INFORMATION GIVEN:

───

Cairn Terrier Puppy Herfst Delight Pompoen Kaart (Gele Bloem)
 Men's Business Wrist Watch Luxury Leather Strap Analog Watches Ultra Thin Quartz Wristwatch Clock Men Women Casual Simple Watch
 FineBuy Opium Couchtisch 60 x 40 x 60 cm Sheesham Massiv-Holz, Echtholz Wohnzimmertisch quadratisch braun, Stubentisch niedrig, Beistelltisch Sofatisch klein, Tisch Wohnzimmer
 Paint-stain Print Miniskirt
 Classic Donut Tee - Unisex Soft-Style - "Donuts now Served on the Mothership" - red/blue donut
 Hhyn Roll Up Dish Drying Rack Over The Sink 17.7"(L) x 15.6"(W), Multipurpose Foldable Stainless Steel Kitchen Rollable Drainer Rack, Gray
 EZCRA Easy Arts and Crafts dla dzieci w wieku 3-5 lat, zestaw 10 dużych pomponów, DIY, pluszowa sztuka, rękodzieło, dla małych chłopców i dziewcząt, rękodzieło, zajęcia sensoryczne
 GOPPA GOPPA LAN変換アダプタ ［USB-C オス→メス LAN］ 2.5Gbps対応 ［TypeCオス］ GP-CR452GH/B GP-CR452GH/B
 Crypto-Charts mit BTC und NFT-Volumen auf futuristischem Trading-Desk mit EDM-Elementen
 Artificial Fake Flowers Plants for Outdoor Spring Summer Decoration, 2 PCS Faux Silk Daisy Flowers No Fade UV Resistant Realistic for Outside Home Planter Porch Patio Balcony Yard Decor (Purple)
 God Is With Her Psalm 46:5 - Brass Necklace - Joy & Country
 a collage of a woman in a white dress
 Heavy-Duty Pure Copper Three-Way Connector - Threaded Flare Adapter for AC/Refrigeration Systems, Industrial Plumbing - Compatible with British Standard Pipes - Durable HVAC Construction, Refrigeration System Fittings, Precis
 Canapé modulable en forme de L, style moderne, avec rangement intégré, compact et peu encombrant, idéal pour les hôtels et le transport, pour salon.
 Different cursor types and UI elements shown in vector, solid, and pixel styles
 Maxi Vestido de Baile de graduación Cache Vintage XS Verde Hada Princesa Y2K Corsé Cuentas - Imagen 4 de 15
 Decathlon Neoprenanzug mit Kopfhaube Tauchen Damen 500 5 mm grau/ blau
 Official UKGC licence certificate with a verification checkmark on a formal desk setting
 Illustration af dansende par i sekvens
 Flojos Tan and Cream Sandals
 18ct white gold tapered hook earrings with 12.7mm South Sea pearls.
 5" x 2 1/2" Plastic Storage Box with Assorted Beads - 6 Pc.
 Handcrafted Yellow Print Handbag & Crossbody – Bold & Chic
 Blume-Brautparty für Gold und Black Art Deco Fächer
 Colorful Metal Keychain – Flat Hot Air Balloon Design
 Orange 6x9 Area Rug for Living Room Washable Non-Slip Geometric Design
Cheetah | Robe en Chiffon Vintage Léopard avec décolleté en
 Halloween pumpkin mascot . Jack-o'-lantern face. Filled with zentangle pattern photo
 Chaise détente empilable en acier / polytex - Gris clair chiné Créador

───

TASK TO CARRY OUT: Report how many lines of the entries hold the word "Print". Nothing else is needed.

REPLY: 2